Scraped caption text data
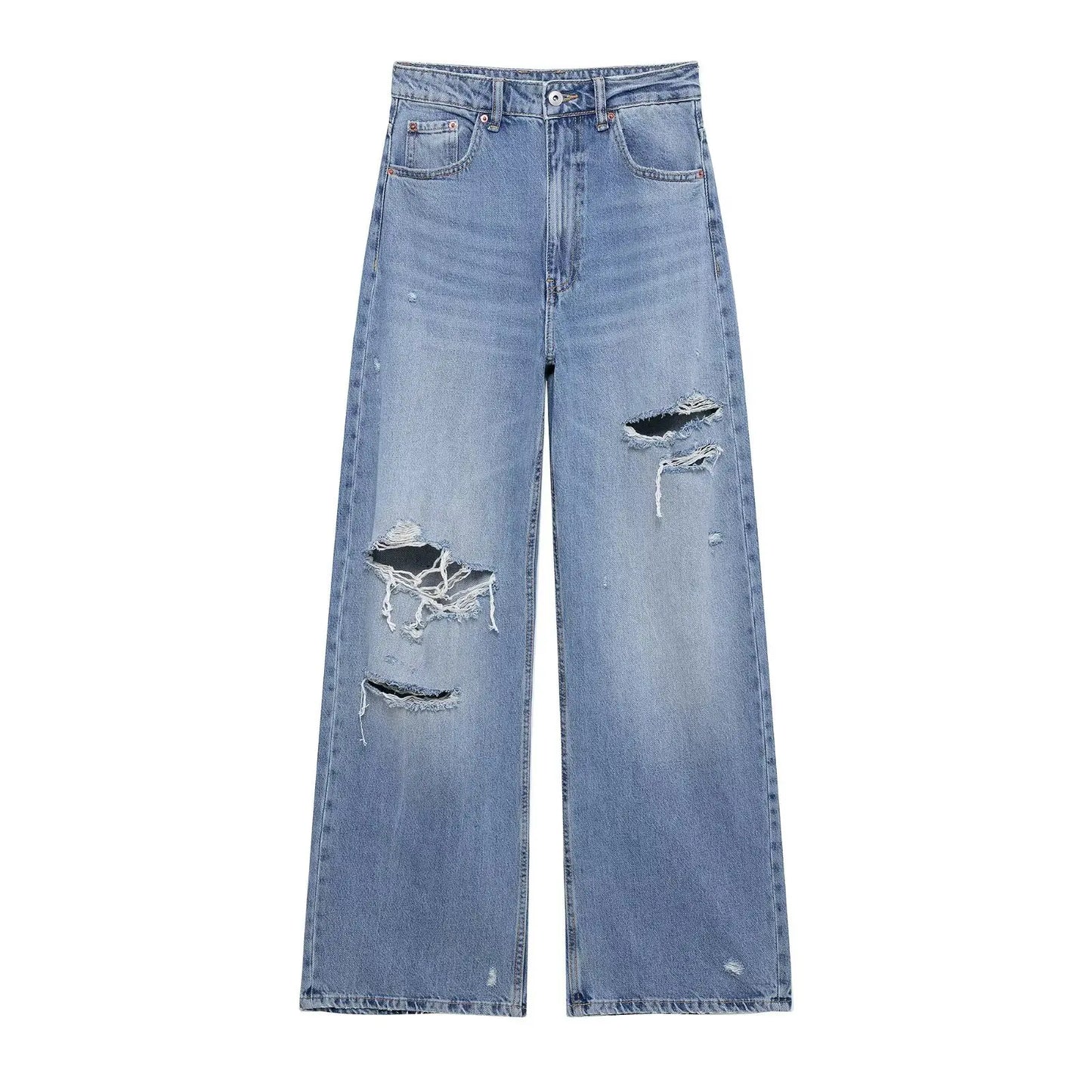 Weekend Rebel Boyfriend Jeans
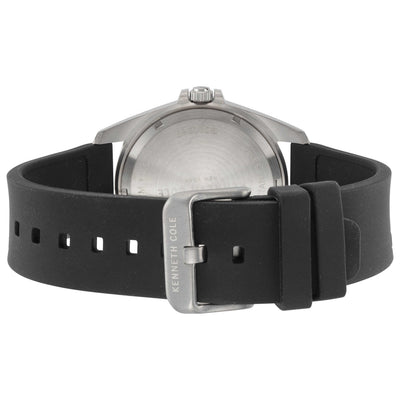 שעון Kenneth Cole דגם Kcwgq2238902 לגברים 42 מ״מ קוורץ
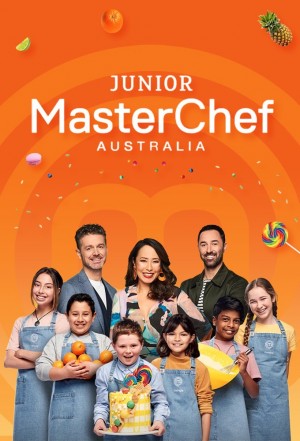 少年厨艺大师 第三季 MasterChef Junior Season 3 (2015) 中文字幕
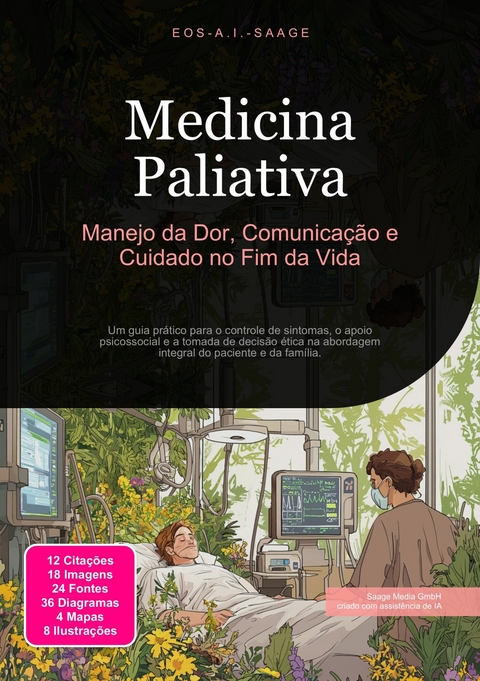 Medicina Paliativa -  Eos A.I. Saage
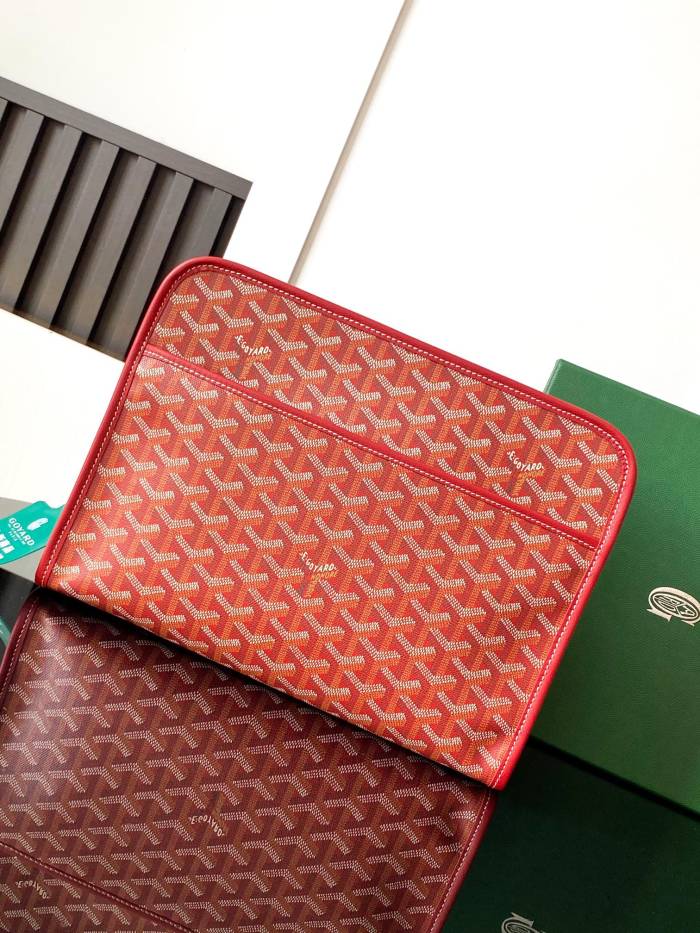Goyard Jouvence Bag 020801 YD034 29.5cm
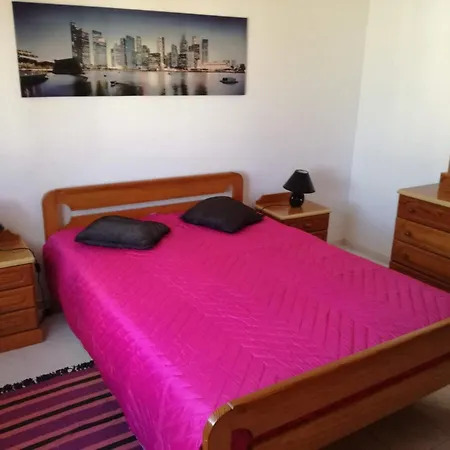 Vivenda Bemposta Casa de Férias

=== ACTIVITY ===
Full transcription without images: please go through the records and repeat them exactly.

=== REPLY TO THE TASK ===
 Weekend Rebel Boyfriend Jeans
 שעון Kenneth Cole דגם Kcwgq2238902 לגברים 42 מ״מ קוורץ
 少年厨艺大师 第三季 MasterChef Junior Season 3 (2015) 中文字幕
 Medicina Paliativa -  Eos A.I. Saage
Goyard Jouvence Bag 020801 YD034 29.5cm
 Vivenda Bemposta Casa de Férias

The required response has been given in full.